# Runtime experiments and comparisions

This notebook explores the runtimes of our implementation with various graphs and also compares it with the implementation of the Louvain algorithm (with Modularity) in NetworkX.

Running this experiment will likely take a few minutes!

In [1]:
import itertools
import random
import timeit

import networkx as nx

import datasets.cora as cora, datasets.jazz as jazz, datasets.relativity as grcq

from community_detection.leiden import leiden
from community_detection.louvain import louvain
from community_detection.quality_functions import CPM, Modularity

random.seed(42)

We begin by loading our test datasets / graphs:
* The [Karate Club](https://www.journals.uchicago.edu/doi/abs/10.1086/jar.33.4.3629752?journalCode=jar) graph (34 nodes, 78 edges)
* The [Jazz Musicians](https://www.worldscientific.com/doi/abs/10.1142/S0219525903001067) graph (198 nodes, 2742 edges)
* The [Cora](https://www.openicpsr.org/openicpsr/project/100859/version/V1/view) citation graph (2708 nodes, 5278 edges)
* The [Arxiv GR-QC](http://snap.stanford.edu/data/ca-GrQc.html) citation graph (5242 nodes, 14496 edges)

In [2]:
graphs = [ nx.karate_club_graph(), jazz.get_graph(), cora.get_graph(), grcq.get_graph() ]
graph_names = [ 'Karate Club', 'Jazz Musicians', 'Cora Citations', 'Arxiv GR-QC' ]

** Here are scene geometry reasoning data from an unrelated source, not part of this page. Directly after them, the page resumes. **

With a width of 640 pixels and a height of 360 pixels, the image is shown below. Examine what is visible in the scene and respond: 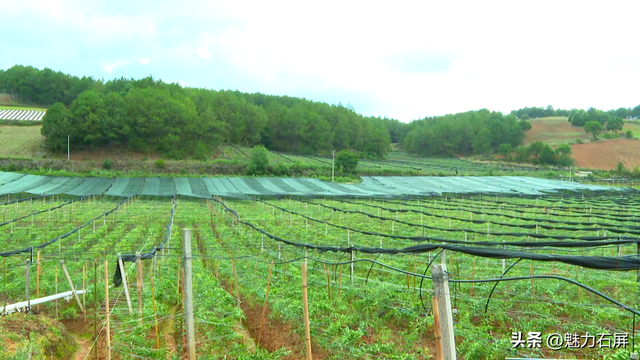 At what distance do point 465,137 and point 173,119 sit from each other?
187 ft

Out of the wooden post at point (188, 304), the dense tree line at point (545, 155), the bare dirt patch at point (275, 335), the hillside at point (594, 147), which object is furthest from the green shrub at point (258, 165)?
the hillside at point (594, 147)

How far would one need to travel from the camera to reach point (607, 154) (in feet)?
222

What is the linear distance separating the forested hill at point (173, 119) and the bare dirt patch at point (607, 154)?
2924cm

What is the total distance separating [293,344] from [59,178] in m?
30.2

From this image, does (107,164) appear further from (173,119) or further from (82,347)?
(82,347)

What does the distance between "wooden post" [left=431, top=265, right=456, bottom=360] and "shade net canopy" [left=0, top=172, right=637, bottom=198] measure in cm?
2414

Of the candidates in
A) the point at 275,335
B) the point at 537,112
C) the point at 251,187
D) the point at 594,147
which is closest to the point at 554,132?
the point at 594,147

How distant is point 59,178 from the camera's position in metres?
30.4

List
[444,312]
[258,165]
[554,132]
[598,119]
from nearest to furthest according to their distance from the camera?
[444,312]
[258,165]
[598,119]
[554,132]

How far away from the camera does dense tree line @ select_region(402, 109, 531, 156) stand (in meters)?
81.1

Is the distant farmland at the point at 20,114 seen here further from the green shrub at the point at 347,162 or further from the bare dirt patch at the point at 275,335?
the bare dirt patch at the point at 275,335

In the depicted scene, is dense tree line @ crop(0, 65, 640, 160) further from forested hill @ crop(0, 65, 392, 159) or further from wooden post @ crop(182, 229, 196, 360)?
wooden post @ crop(182, 229, 196, 360)

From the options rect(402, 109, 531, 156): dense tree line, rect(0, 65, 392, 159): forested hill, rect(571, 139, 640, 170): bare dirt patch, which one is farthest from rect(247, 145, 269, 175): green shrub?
rect(402, 109, 531, 156): dense tree line

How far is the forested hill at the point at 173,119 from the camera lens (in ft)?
149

We're also preparing the algorithms we'll be using:

* Our implementations of the Louvain and Leiden algorithms, with both Modularity and CPM as quality functions.
* The (highly optimized) [implementation](https://networkx.org/documentation/stable/reference/algorithms/generated/networkx.algorithms.community.louvain.louvain_communities.html) of the Louvain algorithm (with Modularity) in the NetworkX library.

In [3]:
H = Modularity(1.0)

fn_louvain_mod = lambda G: louvain(G, H)
fn_leiden_mod  = lambda G: leiden(G, H)

H = CPM(0.95)
fn_louvain_cpm = lambda G: louvain(G, H)
fn_leiden_cpm  = lambda G: leiden(G, H)

fn_louvain_nwx = lambda G: nx.community.louvain_communities(G, seed=42)

algorithms = [ fn_louvain_mod, fn_louvain_cpm, fn_leiden_mod, fn_leiden_cpm, fn_louvain_nwx ]
algo_names = [ 'Louvain (Mod)', 'Louvain (CPM)', 'Leiden (Mod)', 'Leiden (CPM)', 'NetworkX' ]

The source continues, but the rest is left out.